Square, a 6-foot-2, 293-pound prospect who has played all three line positions, said the seeds of a punishing front line are being sowed in camp, with each young lineman trying to one-up the other.

“As a D-line, that’s the mentality you have to have,” he added. “We try to keep that mentality in our room with guys like Vinny Curry, Fletcher Cox, Bennie Logan. We try to compete against each other out there to try to go out there and be the best D-linemen on the field.”



Square is the surprise of the group. If the preseason ended today, he’d not only make the roster but also help compose a six-man rotation up front that shares reps somewhat evenly among the starters and backups.

Curry’s camp seems more on par with his potential. The Eagles drafted him with their second of two second-round picks last year based on the former Marshall star’s track record of making disruptive plays.



Of course, the Eagles then stunted his developmental year by sitting him until Week 10 as the turmoil-plagued coaching staff force-fed ineffective pass rushers (Jason Babin, namely) onto the field.

Curry, who bulked up 15 pounds this offseason to have a body more suitable for a three-man line, remains a moving part in coordinator Billy Davis’ defense. He tinkers from one- to two-gap formations, but his penchant for getting into the backfield from wherever he’s lined up went on display against the Patriots.



Logan, who mainly runs with the reserves at nose guard and defensive end, could end up outperforming Thornton and Curry to start opposite Cox.
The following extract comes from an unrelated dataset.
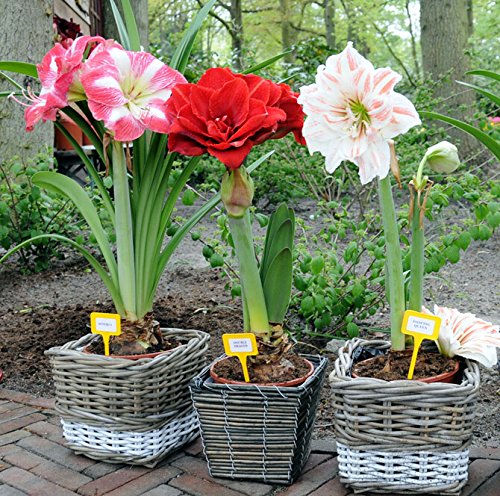 2016 Hippeastrum Zwiebeln Bonsai amaryllis Samen barbados Lilie DIY Hausgarten Lilie eingetopft Samen Bonsai Balkonblume 100pcs / bag - 2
Of those three, the former LSU standout has the most experience in an a hybrid defense because his college employed a similarly diverse look with multiple fronts.



At LSU, the 6-foot-2, 309-pound Logan wore the famed No. 18 -- the jersey given to the Tiger who most displays selflessness. It’s no surprise, then, that two of his front seven teammates -- Barkevious Mingo and Sam Montgomery -- were drafted ahead of him and had gaudier numbers, but the Eagles believed Logan’s talents were overlooked. They had a higher grade on him than 67th overall, where they grabbed him in the third round.
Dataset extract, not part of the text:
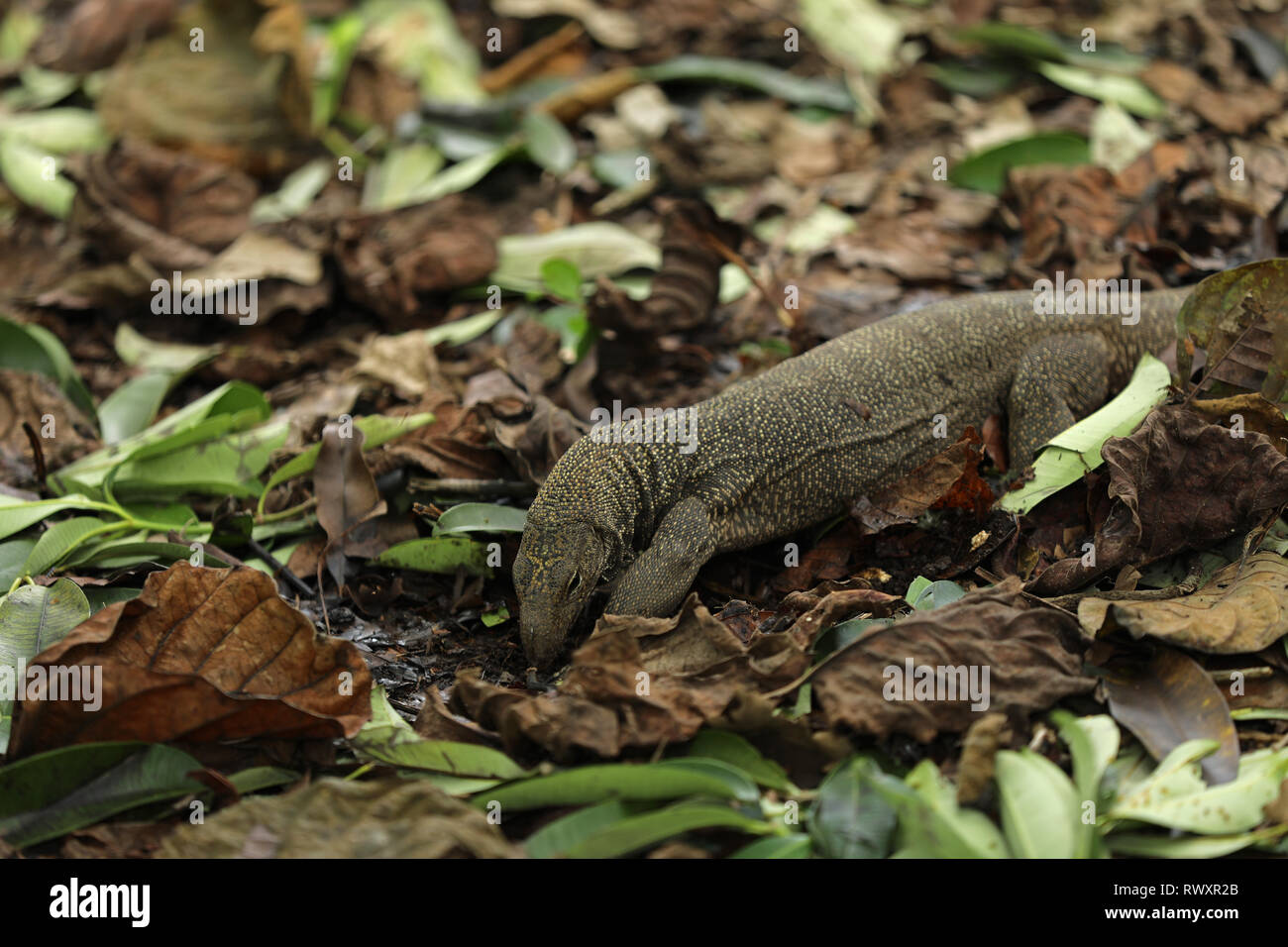 Lizard in Singapore Asia Stock Photo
New England’s interior offensive line struggled to hold blocks on Logan, who made four tackles and registered a half-sack.



“It’s football. You hit the man in front of you, you dominate the man in front of you,” Logan said. “That’s my main thing. Every time I go out to play, even at practice, I get mad when a guy gets the best of me or I feel like I got blocked on a play.

“

So the attitude I take at practice is the same way I approach a game, so when it comes to a game time it’s more easier to dominate or defeat the man in front of you, because you work so hard in practice to get off blocks.”

Curry and Logan will likely see action against Carolina’s first-team offense Thursday night in the second preseason game as the battle continues to see who starts opposite Cox and alongside nose tackle Sopoaga.



Davis said his young linemen’s “mature demeanor” against the Patriots impressed him, although he noted that one game doesn’t make for an honest evaluation.

“I was very impressed with how they responded to the challenge of a solid offensive line and offensive scheme,” he said. “The young guys played as well as anybody. Those young defensive linemen, as far as playing the techniques we were asking them to play, they were very consistent in what we were asking them to do.”



Davis, who broke into NFL coaching in the 90s on Bill Cowher’s staff in Pittsburgh, has shown old Steelers footage to get his linemen to understand that championship defenses are built in the trenches, and everyone else -- the inside linebackers and defensive backs -- reap from the success of the front line.

“You want it to be. You want build that up front,” said Square, who shared in that experience a ’Bama. “If you’re strong on the back end, and not good up front, it’s not a symbol of a great defense. Any great defense I played on was strong up front.”